Matthew is the first Category 5 hurricane since Hurricane Felix in 2007, and only the sixth ever category 5 storm to be confirmed in October in the north Atlantic's recorded history.
Of significance, the still strengthening system poses a danger to Jamaica, parts of Hispañola, eastern Cuba and the Bahamas early next week.
Hurricane Matthew became the fifth hurricane of the 2016 Atlantic hurricane season early Thursday afternoon.
Matthew was located 80 miles northwest of Punta Gallinas, Colombia, as of 11pm EDT, Friday evening.
A Hurricane Hunters reconnaissance mission Friday evening measured winds of 160 mph in Matthew's eyewall.
The central pressure continues to drop as Matthew intensifies, although not as quickly as was occurring on Friday morning into the afternoon.
A hurricane watch has been issued for Jamaica. Winds of 75 mph or greater are possible on Monday, and tropical storm force winds may begin late Sunday.
A tropical storm warning continues for the northern coast of Colombia. Winds of 40 mph or greater are likely in northern Colombia on Friday evening.
A tropical storm watch has been issued for the southern coast of Haiti from the border of the Dominican Republic to Port-Au-Prince. Tropical storm force winds may begin there by late Sunday.

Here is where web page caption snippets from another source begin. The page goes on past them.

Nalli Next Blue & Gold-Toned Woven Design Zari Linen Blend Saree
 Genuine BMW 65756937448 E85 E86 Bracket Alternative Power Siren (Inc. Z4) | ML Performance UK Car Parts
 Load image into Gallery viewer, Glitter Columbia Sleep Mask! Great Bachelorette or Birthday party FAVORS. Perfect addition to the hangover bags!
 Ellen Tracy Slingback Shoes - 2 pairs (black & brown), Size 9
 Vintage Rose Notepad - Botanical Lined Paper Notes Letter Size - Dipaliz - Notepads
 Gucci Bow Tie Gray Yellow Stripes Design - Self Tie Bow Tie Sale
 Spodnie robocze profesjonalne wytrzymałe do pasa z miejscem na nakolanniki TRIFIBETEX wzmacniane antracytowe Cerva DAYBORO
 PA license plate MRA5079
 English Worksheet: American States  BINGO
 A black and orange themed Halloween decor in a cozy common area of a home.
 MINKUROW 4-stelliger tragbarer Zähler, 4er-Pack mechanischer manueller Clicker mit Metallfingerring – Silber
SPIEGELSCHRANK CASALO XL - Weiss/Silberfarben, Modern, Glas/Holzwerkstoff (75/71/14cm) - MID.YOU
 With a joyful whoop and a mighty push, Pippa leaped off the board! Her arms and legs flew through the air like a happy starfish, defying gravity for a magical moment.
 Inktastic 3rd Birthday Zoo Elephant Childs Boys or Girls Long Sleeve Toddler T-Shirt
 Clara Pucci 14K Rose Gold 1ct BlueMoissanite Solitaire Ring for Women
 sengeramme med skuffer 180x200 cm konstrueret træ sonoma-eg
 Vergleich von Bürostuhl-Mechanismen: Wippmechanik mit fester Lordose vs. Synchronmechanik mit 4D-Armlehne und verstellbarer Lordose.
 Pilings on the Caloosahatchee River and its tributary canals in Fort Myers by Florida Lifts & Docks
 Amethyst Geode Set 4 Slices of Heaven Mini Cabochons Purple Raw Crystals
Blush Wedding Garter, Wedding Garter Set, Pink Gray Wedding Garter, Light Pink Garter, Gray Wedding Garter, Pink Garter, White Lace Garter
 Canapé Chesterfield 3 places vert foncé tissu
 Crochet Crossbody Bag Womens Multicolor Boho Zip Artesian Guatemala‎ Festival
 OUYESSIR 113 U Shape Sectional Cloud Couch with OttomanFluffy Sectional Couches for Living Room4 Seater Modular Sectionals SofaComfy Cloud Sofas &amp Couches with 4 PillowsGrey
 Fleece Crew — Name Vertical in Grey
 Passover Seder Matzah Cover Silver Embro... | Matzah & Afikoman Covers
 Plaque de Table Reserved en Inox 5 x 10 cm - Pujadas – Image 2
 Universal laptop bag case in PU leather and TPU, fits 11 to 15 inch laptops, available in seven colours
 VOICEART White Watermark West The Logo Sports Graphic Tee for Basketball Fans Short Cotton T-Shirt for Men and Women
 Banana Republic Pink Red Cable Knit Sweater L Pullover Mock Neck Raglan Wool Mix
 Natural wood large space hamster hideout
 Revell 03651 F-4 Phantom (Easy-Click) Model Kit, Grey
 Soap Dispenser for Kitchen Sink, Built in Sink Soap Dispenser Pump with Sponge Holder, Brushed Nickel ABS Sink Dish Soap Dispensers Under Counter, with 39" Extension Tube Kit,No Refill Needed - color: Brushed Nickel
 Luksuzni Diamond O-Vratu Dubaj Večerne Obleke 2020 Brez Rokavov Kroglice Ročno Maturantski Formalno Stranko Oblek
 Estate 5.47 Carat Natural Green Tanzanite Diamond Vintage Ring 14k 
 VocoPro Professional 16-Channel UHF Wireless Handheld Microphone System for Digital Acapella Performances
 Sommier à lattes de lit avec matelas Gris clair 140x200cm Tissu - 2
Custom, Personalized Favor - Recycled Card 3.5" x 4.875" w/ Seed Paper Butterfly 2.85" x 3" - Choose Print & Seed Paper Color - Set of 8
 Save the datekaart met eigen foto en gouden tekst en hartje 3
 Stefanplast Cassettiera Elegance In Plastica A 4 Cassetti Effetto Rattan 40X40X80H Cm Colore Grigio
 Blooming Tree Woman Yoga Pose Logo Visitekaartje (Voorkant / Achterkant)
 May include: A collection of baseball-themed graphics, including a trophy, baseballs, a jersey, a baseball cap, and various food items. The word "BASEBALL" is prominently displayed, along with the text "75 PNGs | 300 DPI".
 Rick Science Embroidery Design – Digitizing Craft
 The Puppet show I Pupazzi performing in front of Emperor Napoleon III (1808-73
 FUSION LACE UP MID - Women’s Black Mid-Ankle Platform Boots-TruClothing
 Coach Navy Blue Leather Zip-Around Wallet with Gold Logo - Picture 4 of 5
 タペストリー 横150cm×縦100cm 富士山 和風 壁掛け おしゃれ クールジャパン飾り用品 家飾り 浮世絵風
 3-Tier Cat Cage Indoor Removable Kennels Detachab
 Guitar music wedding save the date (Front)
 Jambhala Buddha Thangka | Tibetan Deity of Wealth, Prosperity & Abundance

What has baffled many meteorologists is Matthew’s rapid intensification phase, which saw the system strengthen from a tropical storm to a Category 5 in just 36 hours – but the good news is the hurricane’s ‘power-up’ may be coming to an end.
According to experts at the National Hurricane Centre in Miami, Florida, some fluctuations in intensity are possible over the next day or so. Matthew may undergo an "eyewall replacement cycle," which occurs when strong bands of wind and rain replace the eyewall of a hurricane. This is common in extremely powerful hurricanes of this stature.